Task data:
%%

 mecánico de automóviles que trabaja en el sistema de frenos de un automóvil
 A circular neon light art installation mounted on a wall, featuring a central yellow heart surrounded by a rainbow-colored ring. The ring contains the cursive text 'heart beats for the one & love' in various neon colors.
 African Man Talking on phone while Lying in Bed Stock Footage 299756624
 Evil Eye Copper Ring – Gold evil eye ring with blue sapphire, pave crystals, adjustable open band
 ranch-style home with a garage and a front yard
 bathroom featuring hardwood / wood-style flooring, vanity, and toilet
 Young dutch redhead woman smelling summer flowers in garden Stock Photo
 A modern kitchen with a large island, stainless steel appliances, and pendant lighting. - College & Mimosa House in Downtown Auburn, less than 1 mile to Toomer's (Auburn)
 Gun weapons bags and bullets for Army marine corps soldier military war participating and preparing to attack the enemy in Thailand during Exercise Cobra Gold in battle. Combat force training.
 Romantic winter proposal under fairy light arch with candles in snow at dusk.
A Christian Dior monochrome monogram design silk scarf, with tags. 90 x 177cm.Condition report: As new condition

%%
%%

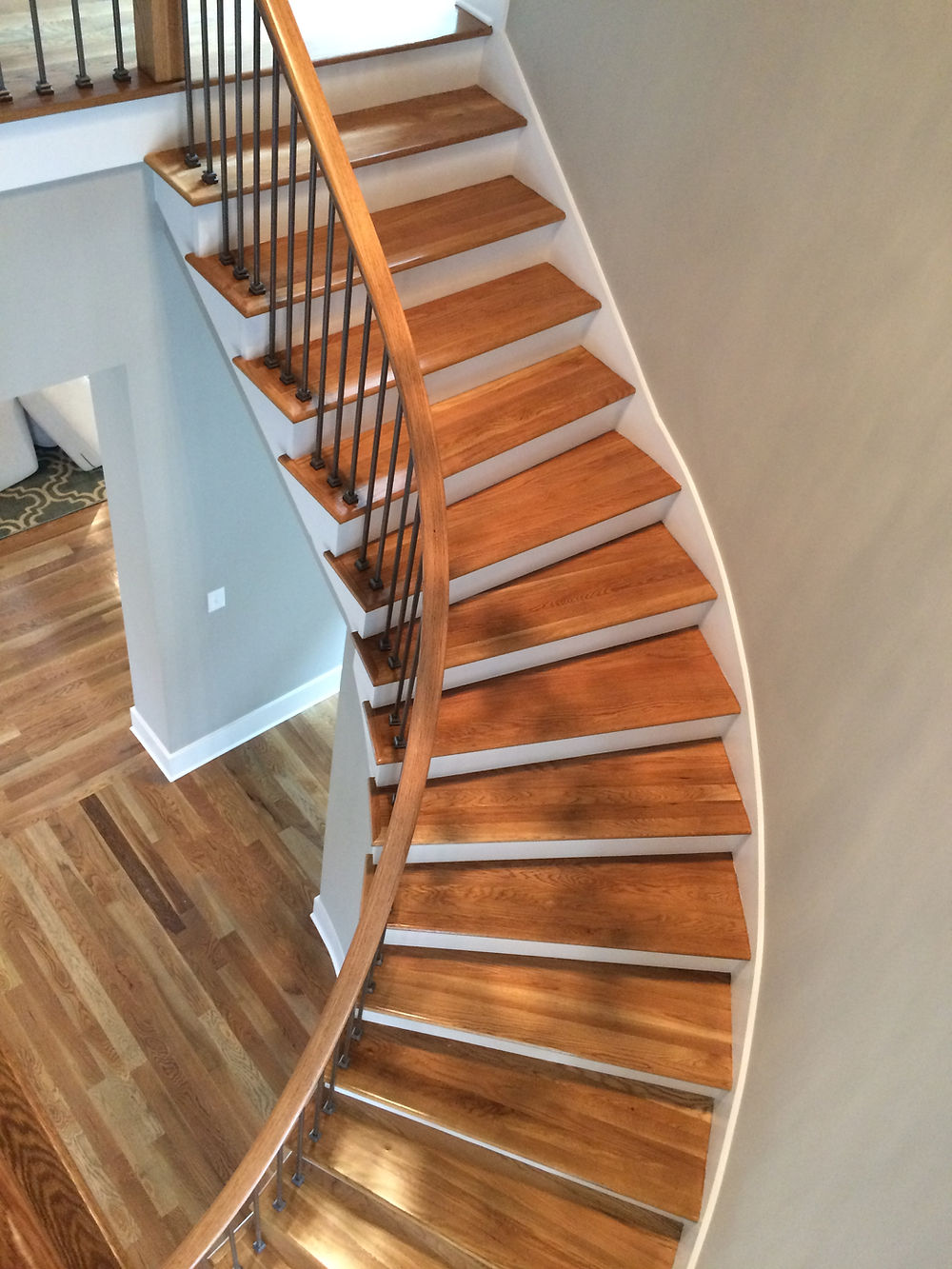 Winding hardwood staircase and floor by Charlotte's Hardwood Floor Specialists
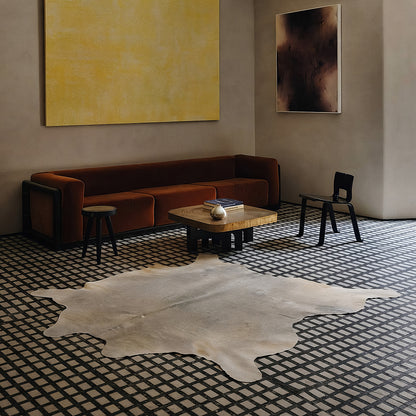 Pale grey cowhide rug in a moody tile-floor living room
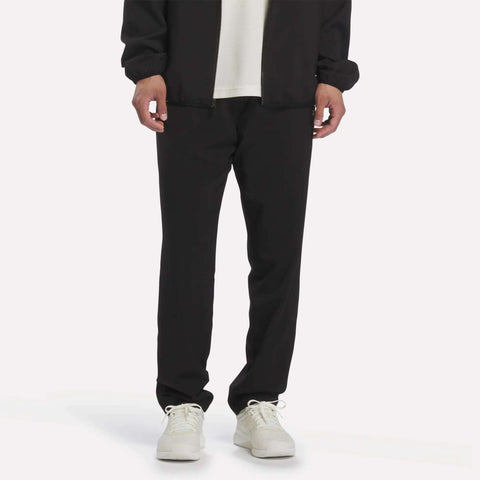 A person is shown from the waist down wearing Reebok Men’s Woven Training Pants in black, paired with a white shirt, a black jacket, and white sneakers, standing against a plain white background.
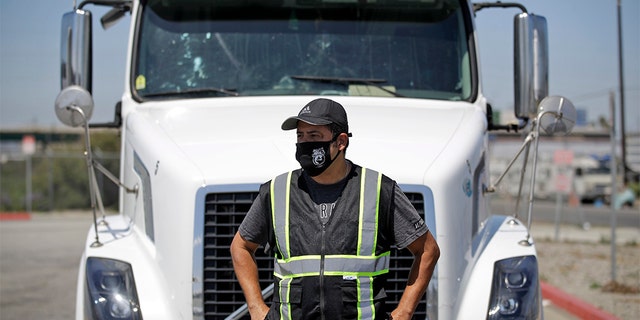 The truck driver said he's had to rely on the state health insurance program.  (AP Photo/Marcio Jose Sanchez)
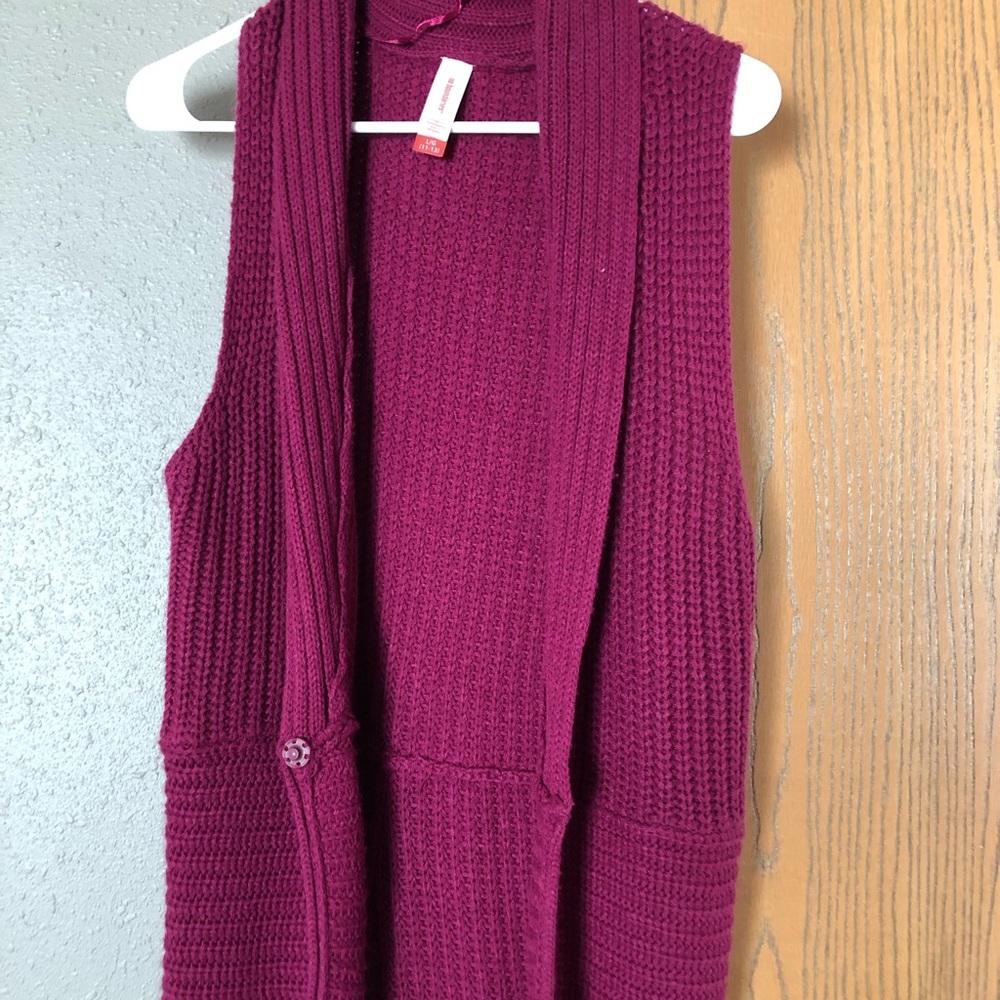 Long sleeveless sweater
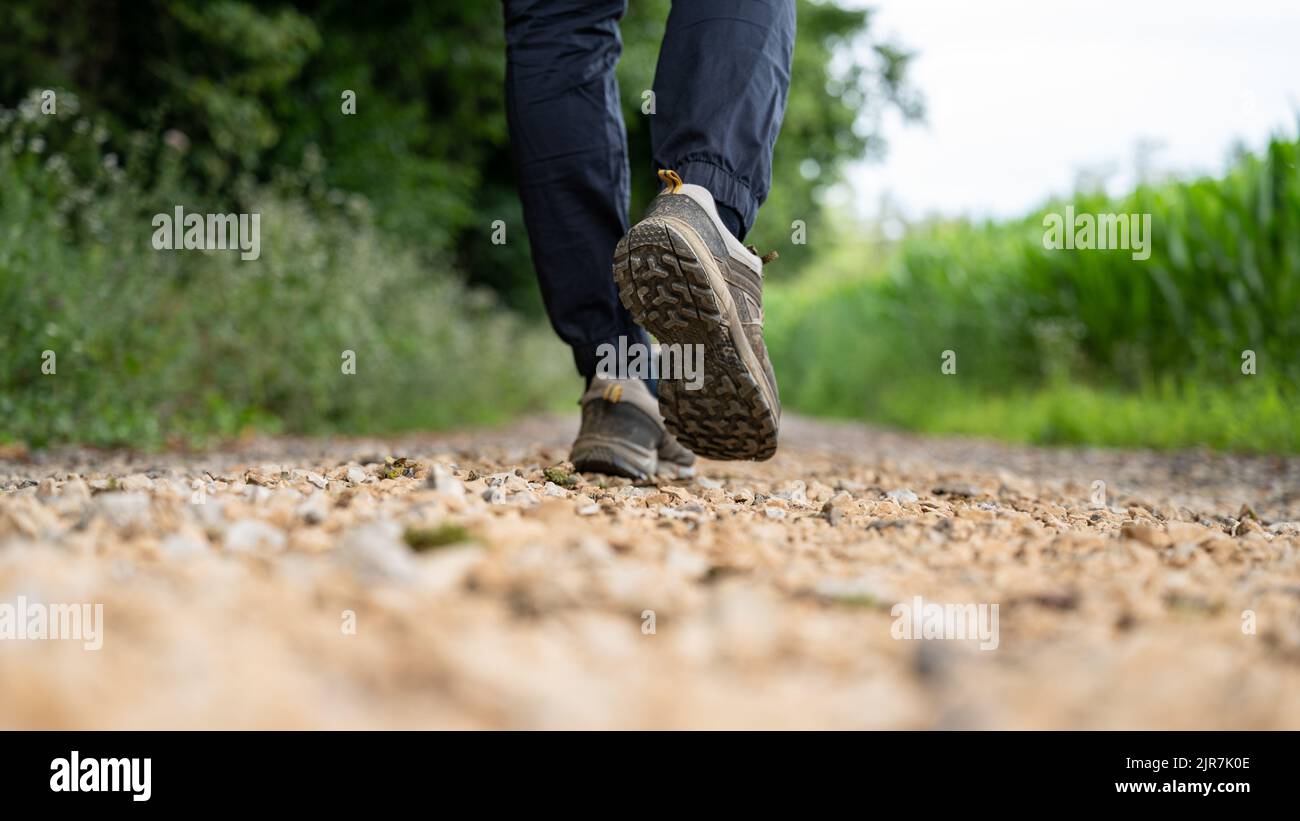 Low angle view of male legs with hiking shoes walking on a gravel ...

%%
%%

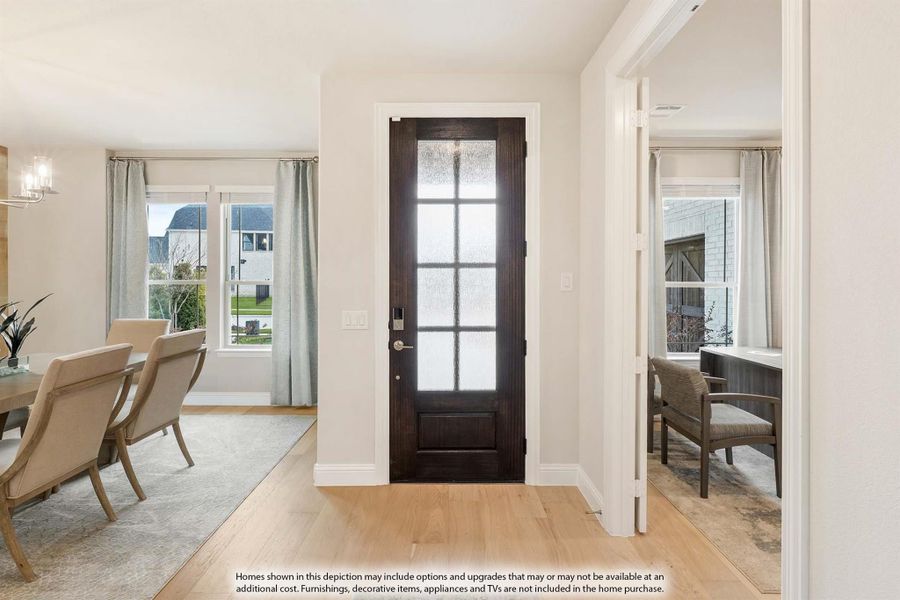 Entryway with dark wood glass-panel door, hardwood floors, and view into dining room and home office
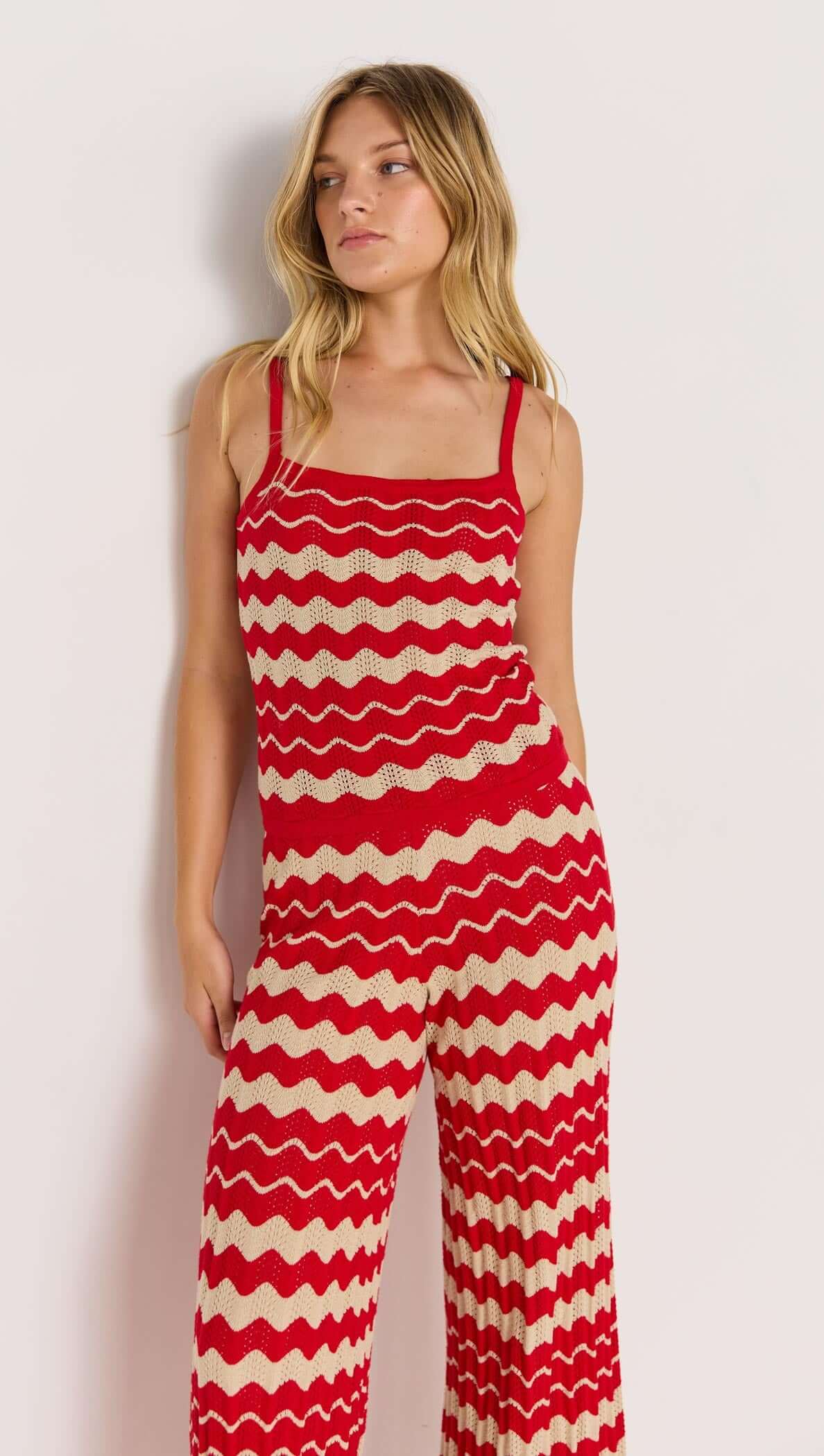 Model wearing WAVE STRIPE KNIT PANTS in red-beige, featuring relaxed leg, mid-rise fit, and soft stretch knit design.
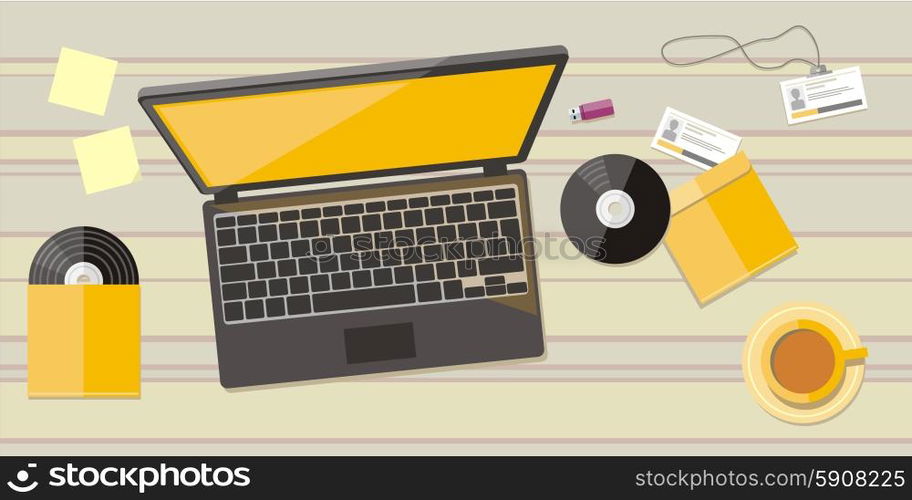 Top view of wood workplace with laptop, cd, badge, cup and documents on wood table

%%

Work to complete: In the entries above, restate word for word the lines between the one holding "mecánico de automóviles" and the one holding "African Man Talking", inclusive, and nothing besides.

Answer for the task:
 mecánico de automóviles que trabaja en el sistema de frenos de un automóvil
 A circular neon light art installation mounted on a wall, featuring a central yellow heart surrounded by a rainbow-colored ring. The ring contains the cursive text 'heart beats for the one & love' in various neon colors.
 African Man Talking on phone while Lying in Bed Stock Footage 299756624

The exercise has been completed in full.